Module 2- Molecular Biology and Genetic Engineering

Module Overview

• Title: Molecular Biology and Genetic Engineering

• Instructor: Ms. Karen Crystel L. Apostol, LPT

• Grade Level: 12th Grade

Lesson Objectives

• Explain processes of transcription and translation

• Discuss principles and techniques of recombinant DNA technology

• Explain applications, advantages, and disadvantages of genetic engineering

Table of Contents

1. DNA, RNA, and Proteins

2. DNA Replication and Protein Synthesis

3. Processes in Genetic Engineering

4. Applications and Relevant Issues in Recombinant DNA

Key Concepts

DNA, RNA, and Proteins

• Structure of DNA:

  • Ideal genetic material due to stability and ability to store genetic information.
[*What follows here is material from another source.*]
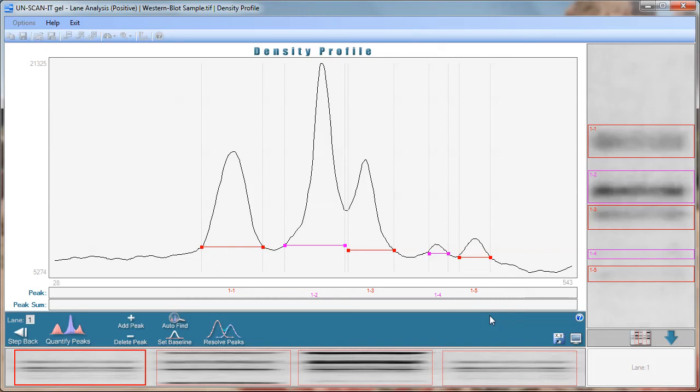The UnscanitGel software will attempt to automatically identify the peaks in the density profile which are associated with each band in the lane. Peak baselines can be added or deleted using the buttons located at the bottom of the density profile.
  • Contains nitrogenous bases, pentose sugar, and phosphate group.

  • DNA is a polynucleotide chain with a sequence of bases determining its uniqueness.

Historical Background

• Discovery of DNA:

  • Friedrich Miescher isolated nuclein, laying the foundation for DNA discovery.

  • Key scientists: Rosalind Franklin (x-ray crystallography), James Watson, Francis Crick (DNA structure), Erwin Chargaff (base pairing rules).

Genetic Engineering Overview

• Involves direct manipulation of genes to express desired traits.

• Recombinant DNA Technology: Techniques to isolate and manipulate DNA segments.

DNA Replication and Translation

DNA Replication

• Essential for cell division, growth, and repair.

• Models of Replication:

  • Semi-conservative, conservative, dispersive.

• The Meselson-Stahl experiment confirmed semiconservative replication.

Translation Process

• Converting mRNA into amino acids.

• Main steps: tRNA charging, initiation, elongation, termination.

Applications of Genetic Engineering

• Agriculture: Development of crops like Bt corn for pest resistance.

• Bioremediation: Using organisms to degrade environmental contaminants.

• Pharmaceuticals: Production of human proteins via transgenic organisms.

Relevant Issues

• Health Concerns: Potential allergic reactions, effects on immunity, and environmental impacts.

• Biodiversity: Risks of gene transfer and effects on wild species.

• Ethics: Debates about modifying natural organisms and potential social implications.

Conclusion

• Genetic Engineering presents opportunities and challenges in various fields including agriculture, medicine, and environmental sustainability.